Idris Goodwin talks to audience members of this year’s first installment of the SoCo Reading Series. Photo courtesy of SoCo Reading Series.

The first installment of this year’s Southern Colorado Reading Series began Feb. 11 in the LARC’s auditorium. The series, which showcases authors and poets from across the country, mixes the written word with performing arts.

Free to both students and the community, the series has been hosted at CSU-Pueblo for more than 10 years. More events in the series are scheduled throughout the rest of the semester.

The events are sponsored in part by CSU-Pueblo assistant English professor and the head of the creative writing department, Juan Morales.

The SoCo Reading Series begins with an author introducing himself, his work and the themes and messages behind his ideologies. After reading various passages, the audience members are allowed to interact with the author through questions or one on one conversation.

Idris Goodwin is a hip hop artist, playwright, poet and professor. He teaches performance writing and the aesthetics of hip hop at Colorado College, and has appeared on several television stations, including HBO and The Discovery Chanel.

Keeping in theme with Black History Month, Goodwin opened with the preface from his novel “These are the Breaks,” which addresses how the world has come to view and address different skin colors.

“Throughout this book you will hear me refer to myself as black.

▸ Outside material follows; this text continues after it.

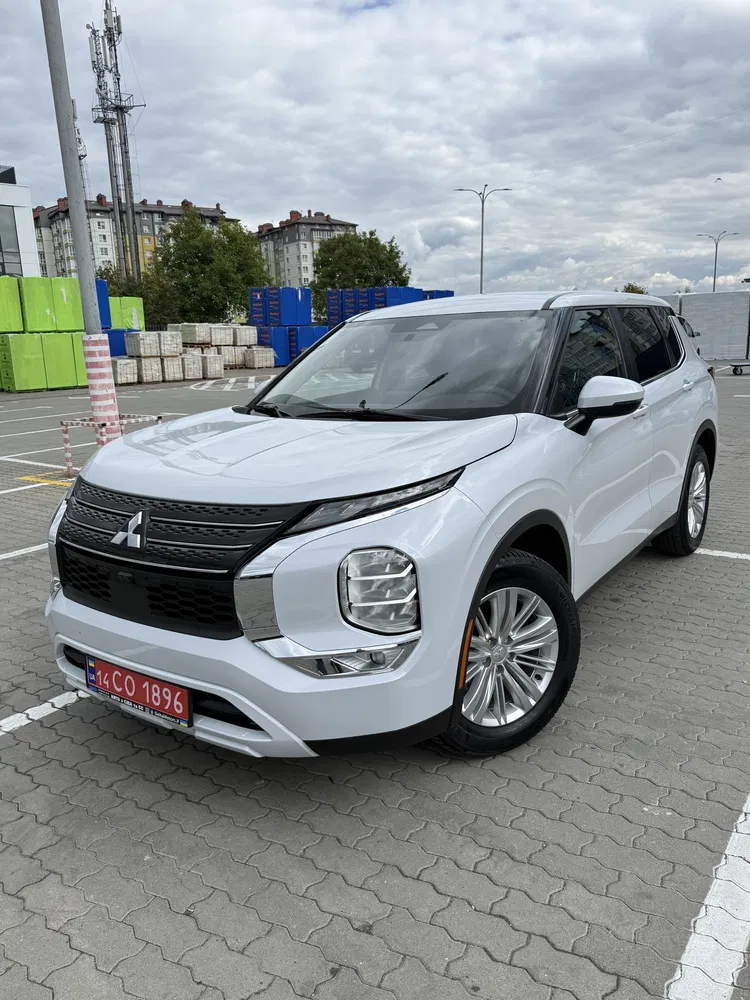 Фото 2023 Mitsubishi Outlander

You will hear me refer to other members of the black race as black. By race I refer to skin color, and by skin color, I mean brown,” Goodwin said in a passage of his novel.

In his novel, he discusses problems with racial labels as they apply to a variety of cultures.

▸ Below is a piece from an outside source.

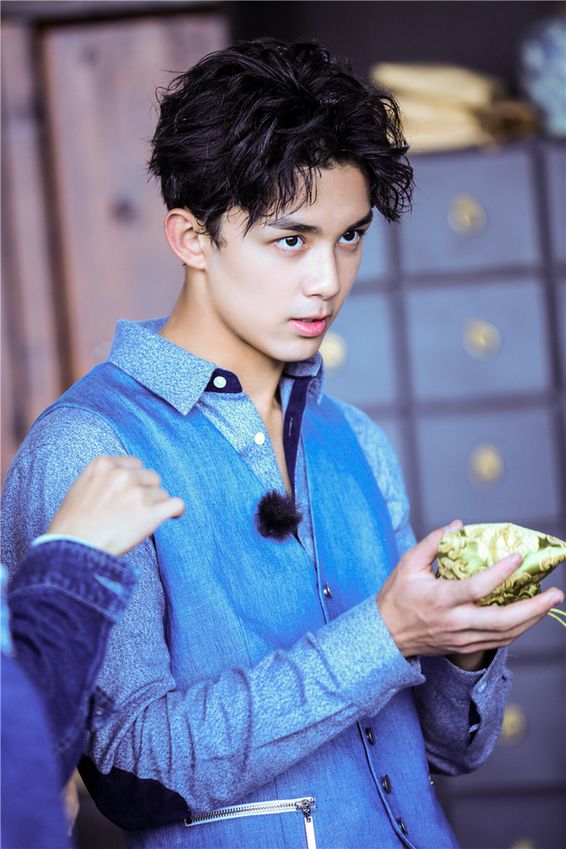 吴磊听自己唱的rap笑到半夜 网友表示：被可爱到了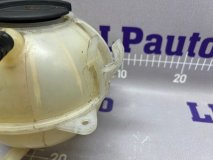 Бачок расширительный Volkswagen Tiguan I 5N 2009 CAWA 2.0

The reading ranged from poems about growing up in the Bronx to feature length hip hop songs, and the event’s ending was met with applause from the audience.

During a question session with the audience, an audience member asked why hip-hop seems like it can come off as bragging.

“It’s letting people know that where still here. We’re still alive,” said Name Marshell, a surprise special guest and poet who accompanied Goodwin.

This year, there will be two more SoCo event readings. The first reading will feature acclaimed poet Kim Addizino on March 12 at 7 p.m. in the LARC’s Auditorium.

Addizino’s latest novel, “The Palace of Illusions,” is comprised of a collection of short stories. The novel has been praised by publications including Literary Journal, The New York Times, Publisher’s Weekly, among many others.

Concluding this year’s SoCo reading will be Janice Gould and Robert King. Both authors will also be reading selections of their works.

The readings will take place April 6 at 7 p.m. in the LARC’s Auditorium.

Janice Gould has had three poetry collections published since the 1990’s. Her newest work “Doubters and Dreamers,” is a mix of reflective poetry and narrations that highlight her experiences growing up as a halfblooded middle class Native American, and as a lesbian.

Robert King is the author of “Some of These Days,” a poetry collection aimed to reflect the moral turmoil of how he sees the world has progressed throughout his life. Ranging from WWII to Modern day, King’s novel has been well received by reviewers.